Das Bürgerzentrum Ehrenfeld (BüzE) baut mit Menschen die neu in Deutschland sind sowie mit alteingesessenen Ehrenfelder*innen ein neues Projekt auf. Das Projekt nennt sich „Approach“ (dt. „Annäherung“) und soll auch genau das erreichen: Sinnvolleren und interessanteren Kontakt zwischen beiden Gruppen herstellen.

  1. Du wirst als Veedel-Guide in Ehrenfeld ausgebildet.
  2. Das BüzE veranstaltet regelmäßig Approach“-Konzerte mit internationalen Künstler*innen
  3. ImAgenda:Ehrenfeld Café im BüzE baut sich eine Steuerungsgruppe für die Projekte auf, die es in die Zukunft führt! Werde Teil davon!

Warum sollst du mitmachen?
Du lebst nicht nur in Köln/Ehrenfeld sondern du gestaltest deine Umgebung auch aktiv mit! Werde Teil einer nicht-politischen Bewegung, deren Richtung du selbst vorgibst.

Eure und unsere Ziele:

  • Finde heraus, was für dich und andere gesellschaftliche Werte, Normen und soziale Rollen bedeuten!
  • Trete in einen sinnvollen & interessanten Kontakt miteinander! Trete sinnvoll in Kontakt mit deinen anderen interessanten Mitmenschen
  • Lern dich zu organisieren, zu engagieren und für Teilhabe zu motivieren!

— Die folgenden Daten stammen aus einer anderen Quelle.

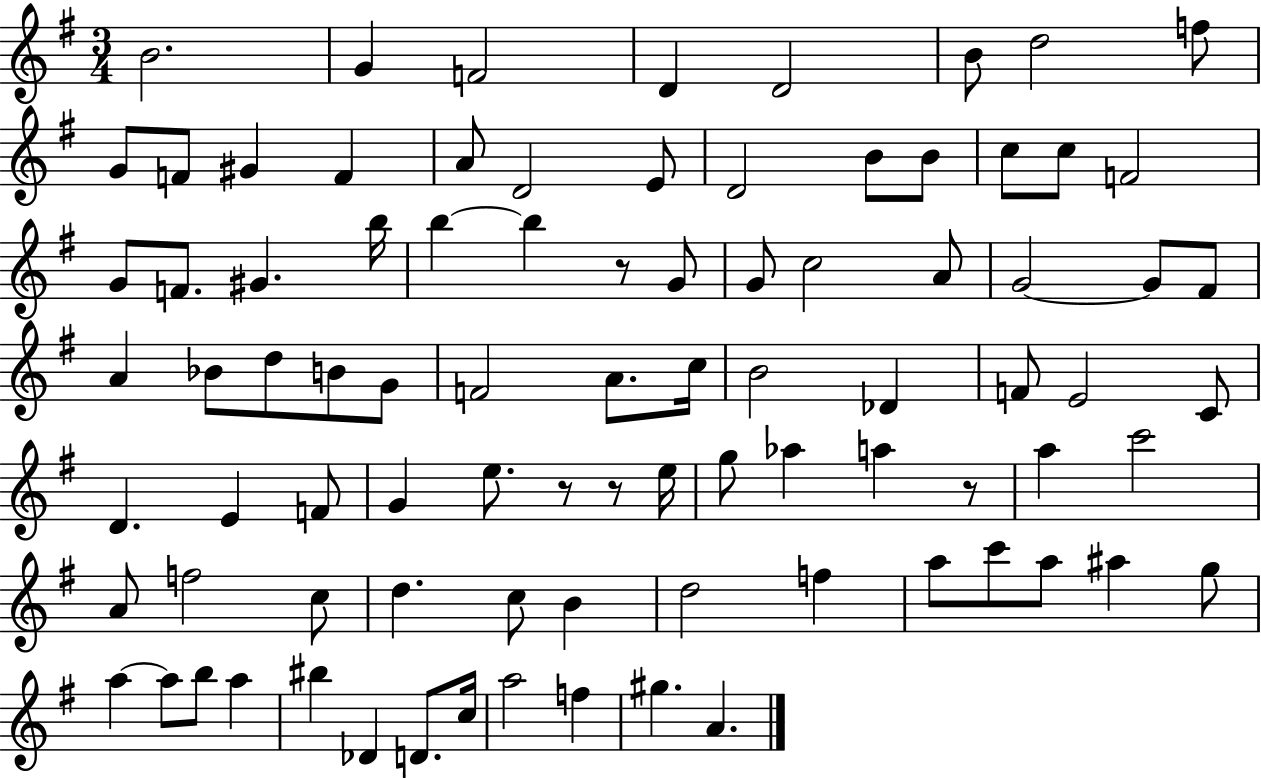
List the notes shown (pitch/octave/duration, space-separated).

B4/h. G4/q F4/h D4/q D4/h B4/e D5/h F5/e G4/e F4/e G#4/q F4/q A4/e D4/h E4/e D4/h B4/e B4/e C5/e C5/e F4/h G4/e F4/e. G#4/q. B5/s B5/q B5/q R/e G4/e G4/e C5/h A4/e G4/h G4/e F#4/e A4/q Bb4/e D5/e B4/e G4/e F4/h A4/e. C5/s B4/h Db4/q F4/e E4/h C4/e D4/q. E4/q F4/e G4/q E5/e. R/e R/e E5/s G5/e Ab5/q A5/q R/e A5/q C6/h A4/e F5/h C5/e D5/q. C5/e B4/q D5/h F5/q A5/e C6/e A5/e A#5/q G5/e A5/q A5/e B5/e A5/q BIS5/q Db4/q D4/e. C5/s A5/h F5/q G#5/q. A4/q.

Meldet dich als Veedel-Guide an:

Dana Khamis
d.khamis@bueze.de
0221-5462176

Informiere dich weiter über das Projekt & werde Teil der „Agenda:Ehrenfeld“:
http://www.buergerzentrum.info/soziale-arbeit/gefluechtete

Agenda:Ehrenfeld

Die inhaltliche Gestaltung aller im Rahmen des Projekts stattfindenden Veranstaltungen wollen wir im Sinne des Namens „Approach“ (dt. „Annäherung“) zusammen mit allen machen. Dies geschieht in der „Agenda:Ehrenfeld“. Diese Gruppe steuert die Projekte ganz bequem aus dem Café heraus. Ziel des Cafés ist die Öffnung des Projekts durch das Schaffen eines unkomplizierten Zugangs sowie die Förderung der gesellschaftlichen Teilhabe. Außerdem wollen wir gemeinsam die bestehenden Rollenmuster aufdecken und hinterfragen.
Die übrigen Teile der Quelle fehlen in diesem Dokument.